We have many media reports today on the El Tejon ID suit. The full press release from Americans United is available on their website. The LA Times has an article about the controversy that includes a couple of interesting tidbits. Of the district’s legal advice, it says:
At a special meeting of the El Tejon Unified School District on Jan. 1, at which the board approved the new course, “Philosophy of Design,” school Supt. John W. Wight said that he had consulted the school district’s attorneys and that they “had told him that as long as the course was called ‘philosophy,’ ” it could pass legal muster, according to the lawsuit.

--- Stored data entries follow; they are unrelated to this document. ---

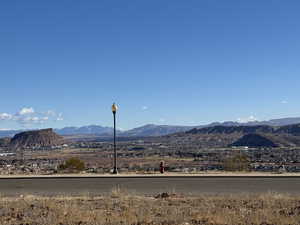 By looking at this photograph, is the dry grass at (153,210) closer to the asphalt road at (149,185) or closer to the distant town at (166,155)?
the asphalt road at (149,185)

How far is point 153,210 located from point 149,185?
6615 mm

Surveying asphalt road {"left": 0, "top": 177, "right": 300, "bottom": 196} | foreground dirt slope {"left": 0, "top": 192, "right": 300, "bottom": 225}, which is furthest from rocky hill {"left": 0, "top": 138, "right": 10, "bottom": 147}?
foreground dirt slope {"left": 0, "top": 192, "right": 300, "bottom": 225}

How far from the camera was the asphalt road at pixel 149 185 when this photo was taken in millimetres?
17203

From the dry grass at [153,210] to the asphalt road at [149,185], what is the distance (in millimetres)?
1974

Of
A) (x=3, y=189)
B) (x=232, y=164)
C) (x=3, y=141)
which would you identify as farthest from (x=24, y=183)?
(x=3, y=141)

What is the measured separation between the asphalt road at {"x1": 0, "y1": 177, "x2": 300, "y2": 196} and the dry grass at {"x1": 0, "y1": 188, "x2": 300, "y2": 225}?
197cm

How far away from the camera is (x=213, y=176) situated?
2206cm

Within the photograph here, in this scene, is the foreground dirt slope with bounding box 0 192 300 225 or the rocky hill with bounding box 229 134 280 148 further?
the rocky hill with bounding box 229 134 280 148

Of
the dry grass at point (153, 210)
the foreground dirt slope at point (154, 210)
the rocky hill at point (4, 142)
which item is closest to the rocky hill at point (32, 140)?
the rocky hill at point (4, 142)

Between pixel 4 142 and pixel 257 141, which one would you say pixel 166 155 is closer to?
pixel 257 141

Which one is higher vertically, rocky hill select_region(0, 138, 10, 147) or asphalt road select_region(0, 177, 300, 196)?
rocky hill select_region(0, 138, 10, 147)

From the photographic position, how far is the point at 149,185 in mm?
19062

If that is true, then the district got very bad advice from their attorney. If the school is advocating a religious belief, it doesn’t matter what kind of class it is. Merely adding the label “philosophy” does not change religious advocacy from unacceptable to acceptable. It’s not enough merely to move it from one department to another, you also have to change the way it’s taught. You can teach about religious views, but you cannot advocate them. And the fact that the teacher intends to advocate the creationist position is crystal clear from the course description quoted in the LA Times piece:
An initial course description, which was distributed to students and their families last month, said “the class will take a close look at evolution as a theory and will discuss the scientific, biological and biblical aspects that suggest why Darwin’s philosophy is not rock solid. The class will discuss intelligent design as an alternative response to evolution. Physical and chemical evidence will be presented suggesting the earth is thousands of years old, not billions.”
The New York Times has the AP story on the lawsuit. Nothing much new there. I think it’s pretty obvious what has happened here. This teacher wanted to find a way to teach creationism and 3 members of the school board agreed with her. So they rushed this class in very quickly despite the fact that she simply isn’t qualified to teach the course. The course syllabus was created in the space of a couple of weeks and was done so badly that it included a guest speaker who passed away over a year ago and another who was never even asked to speak.